Problem properties: 'It's just making our neighborhood look bad'

Problem properties: 'It's just making our neighborhood look bad'

BAKERSFIELD, Calif. (KBAK/KBFX) — Residents are complaining about a batch of vacant properties creating an eyesore and hazards in their neighborhood. It's an area near Pacific and Virginia streets in east Bakersfield. Neighbors say they worry about who's supposed to be living in some houses and how to keep people out of others.

"We have squatters that come around and want to stay in houses, they dump trash and stuff," Rosemary Heckathorn said Monday. "It's just making our neighborhood look bad."

Eyewitness News got a call about a white house on Pacific Street.

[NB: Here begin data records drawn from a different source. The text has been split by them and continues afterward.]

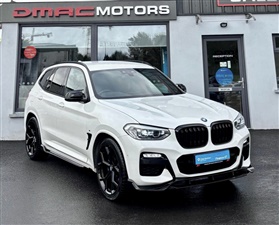 Large image for the Used BMW X3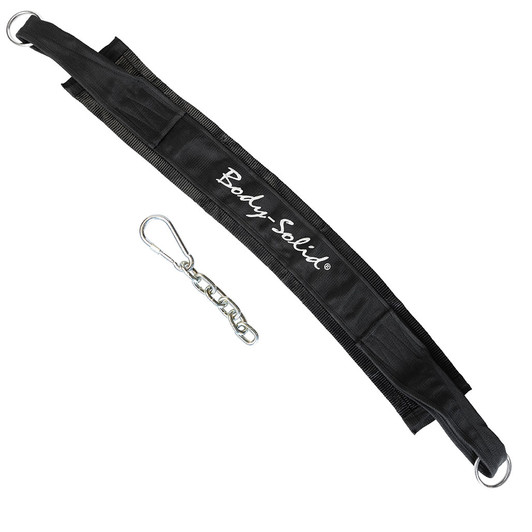 Body-Solid Tools SPRBSB Belt Squat Belt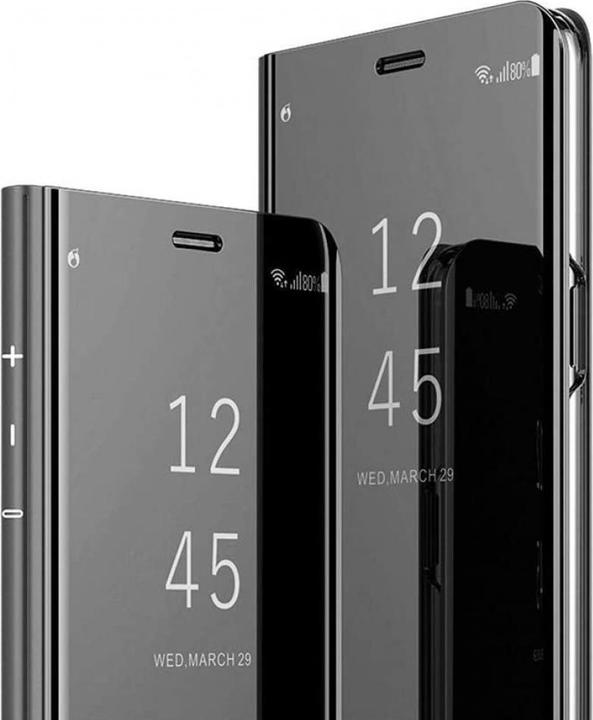 Produktbild Screenguard Samsung Galaxy A21s Clear View Flip Case (Samsung Galaxy A21s)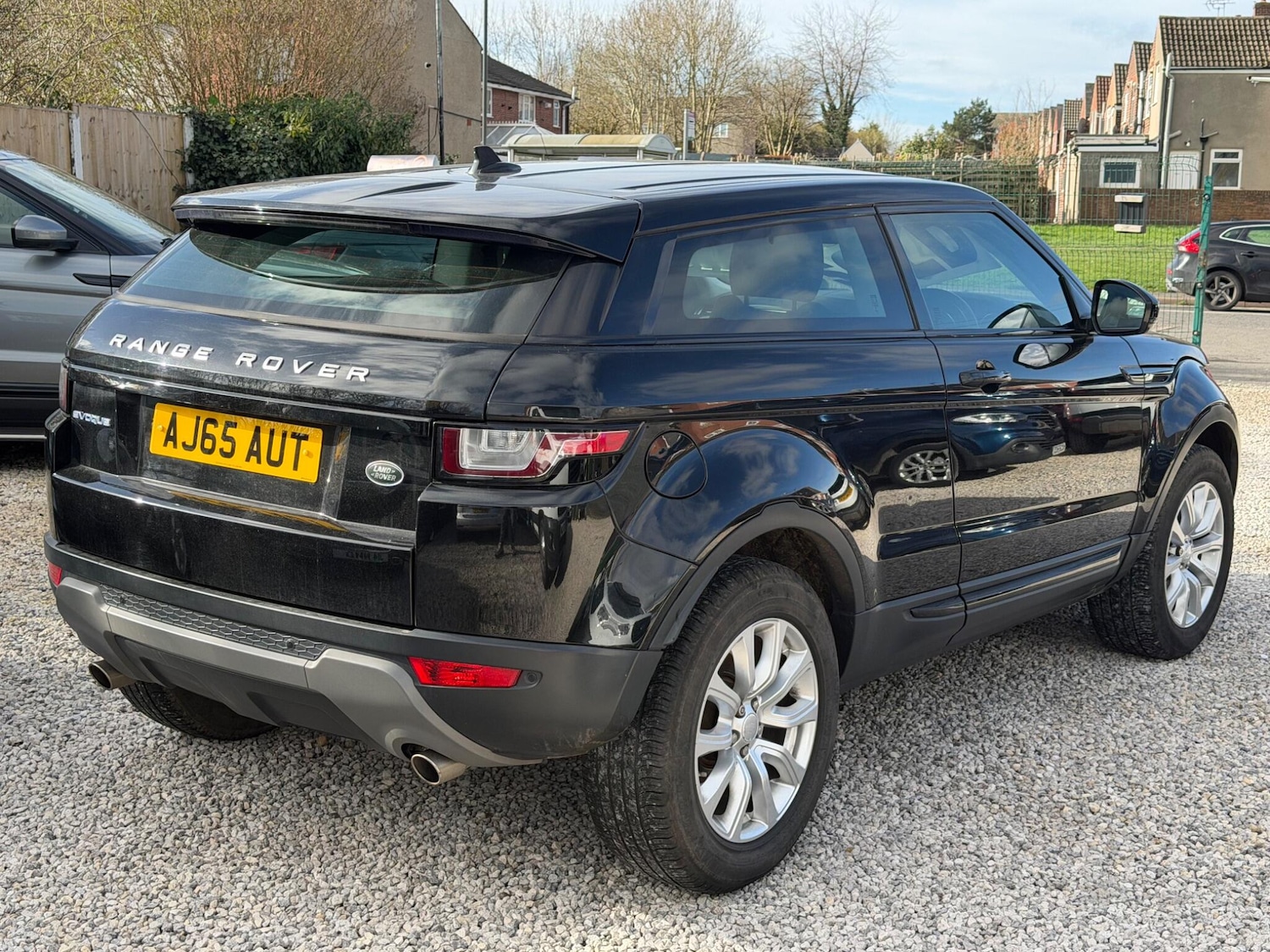Used Land Rover Range Rover Evoque 2016 for sale - 77940675: Photo 5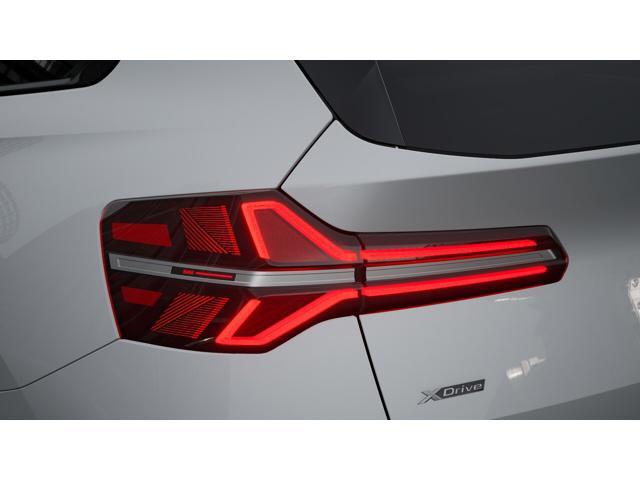 new 2025 BMW X3 car, priced at $58,455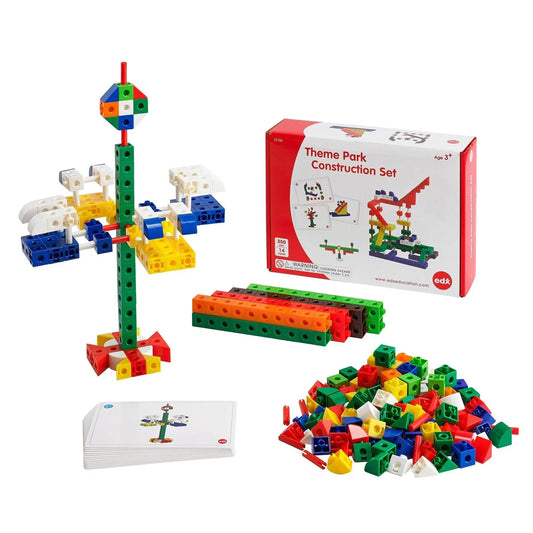 Theme Park Construction Set | The Dyslexia Shop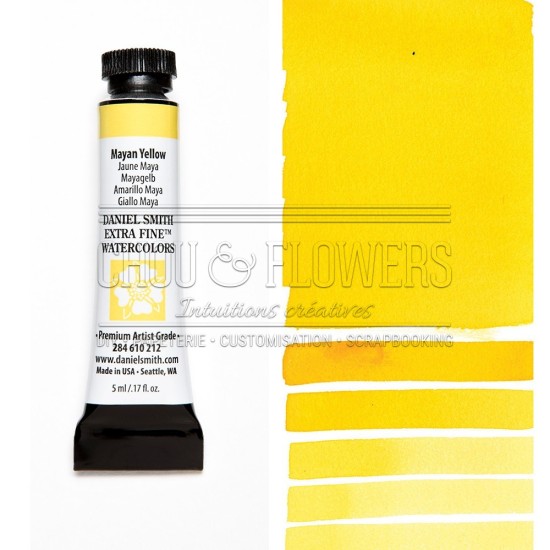 Aquarelle extra-fines Daniel Smith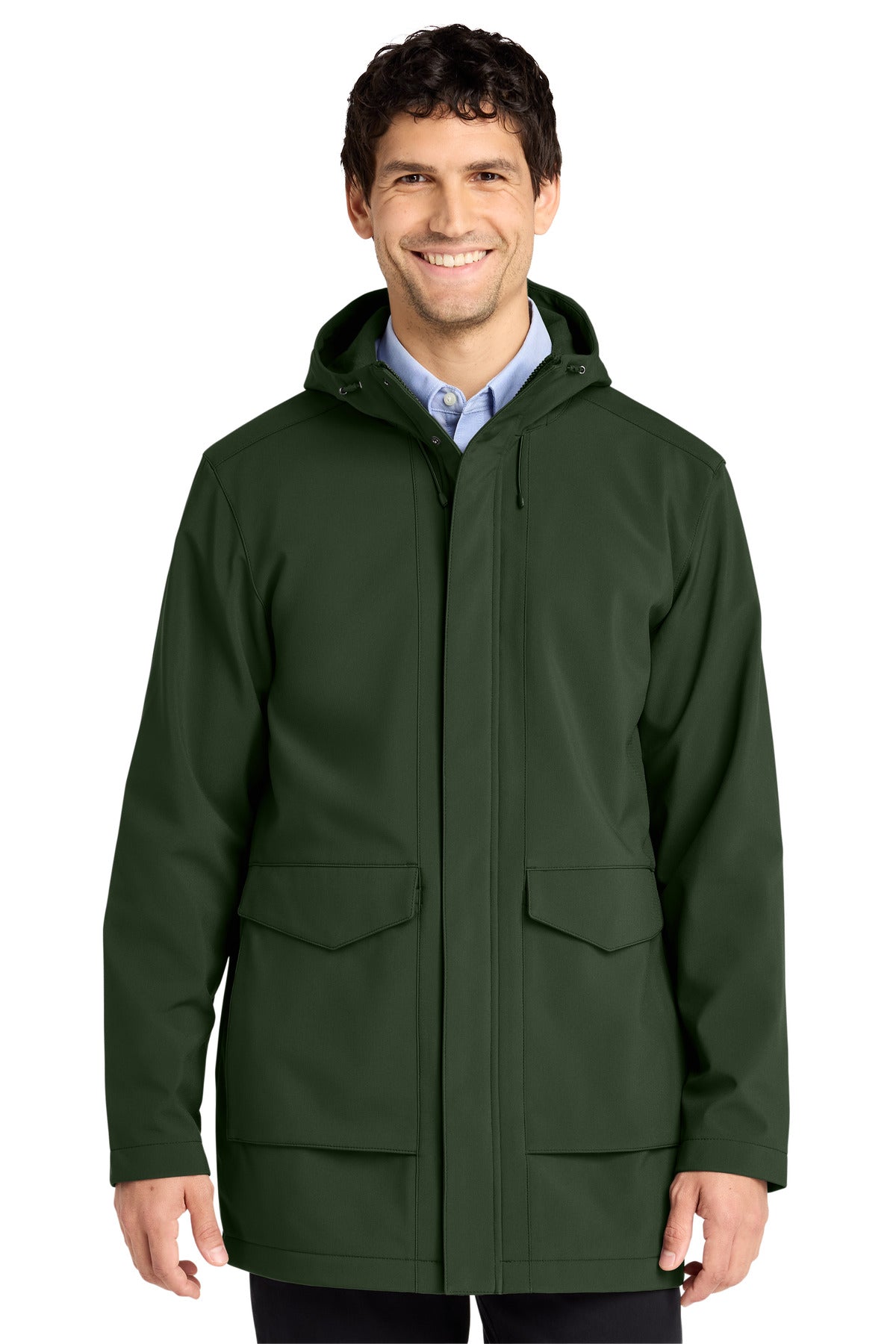 Port Authority® Collective Outer Soft Shell Parka J919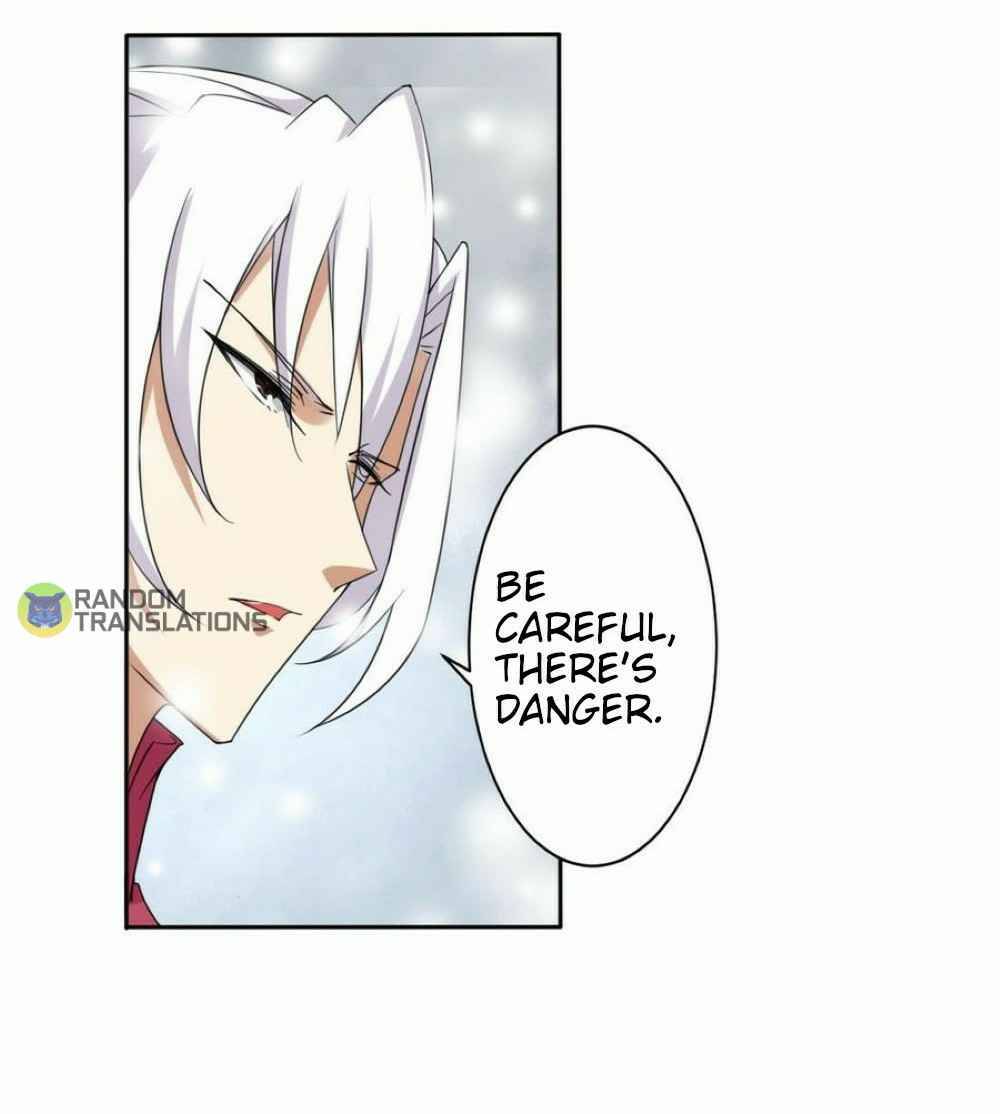 MAGIC FAIRY chapter 226 page 8
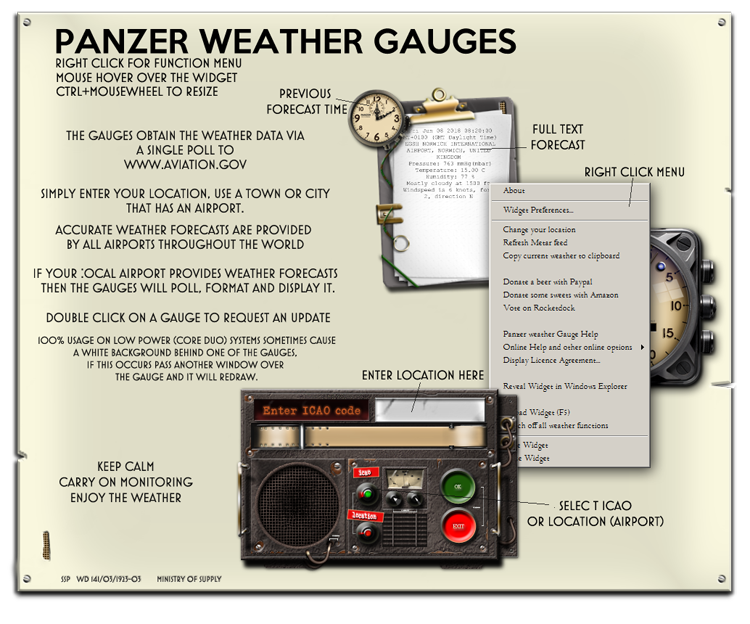 GitHub yereverluvinunclebert/PanzerWeatherWidget The widget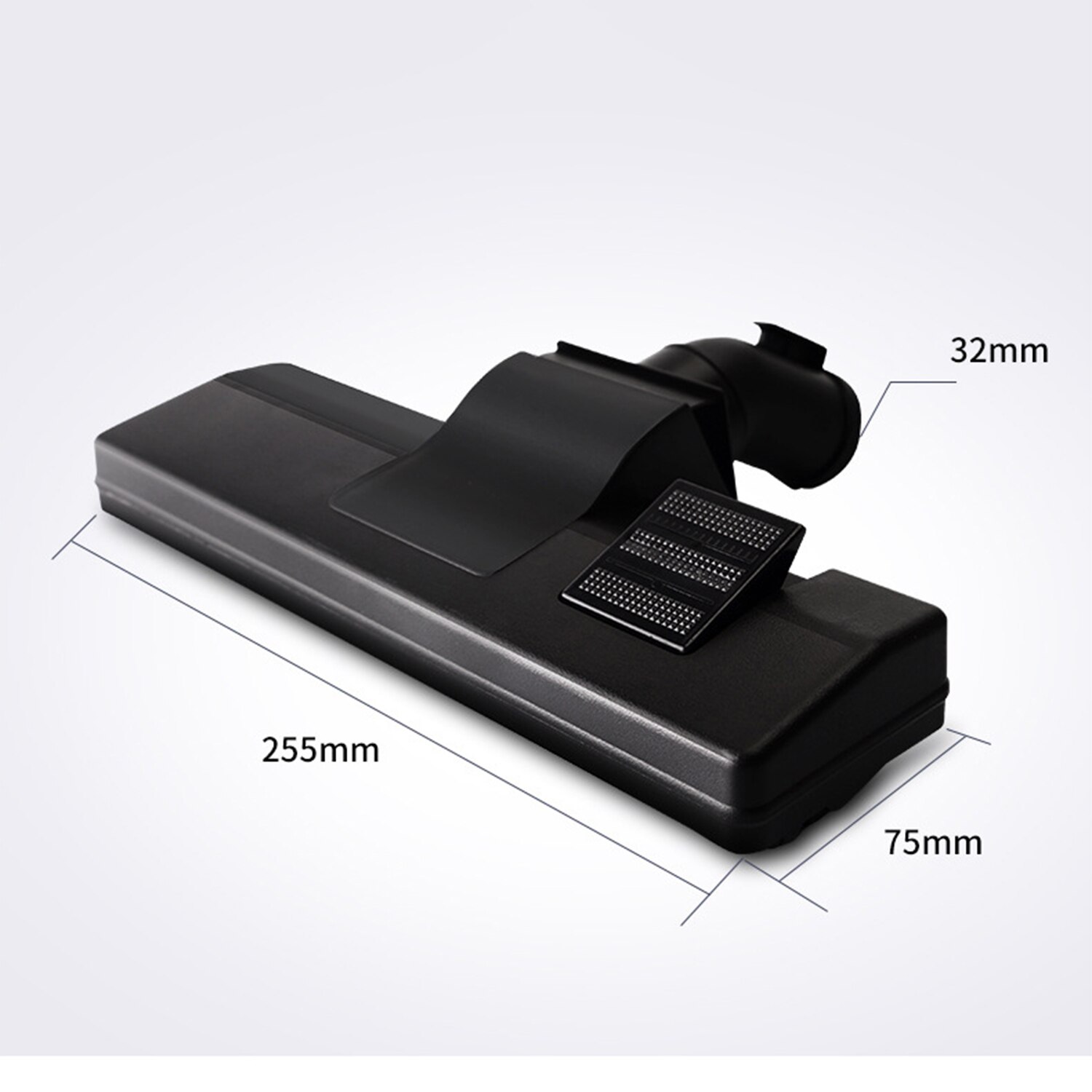 Universal Vacuum Cleaner Accessories Carpet Floor Nozzle Vacuum Cleaner Head Tool Efficient Cleaning 32MM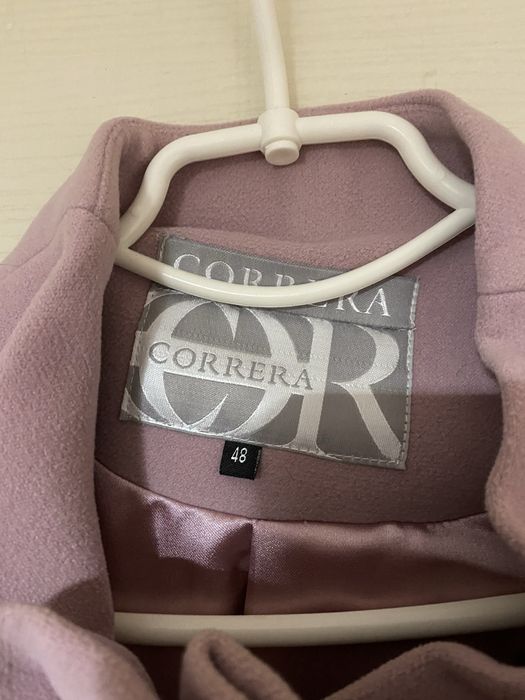 Жіноче кашемірове пальто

The viewer worries about the conditions, who might own it, and who might be living in it.  Two women were leaving as a reporter walked up.

One woman said her brother was there fixing it up. She said he wasn't available to talk to anyone, because he was in back and there was a dog.

"They don't live here, nobody lives here," the woman said. The house has a number of windows boarded up, and a lot of trash along the side and in back.

Callers to Eyewitness News said people were seen there at all hours. Eyewitness News spotted a couple with children leaving the back of the property through the alley. The viewer worried the house was not in habitable condition.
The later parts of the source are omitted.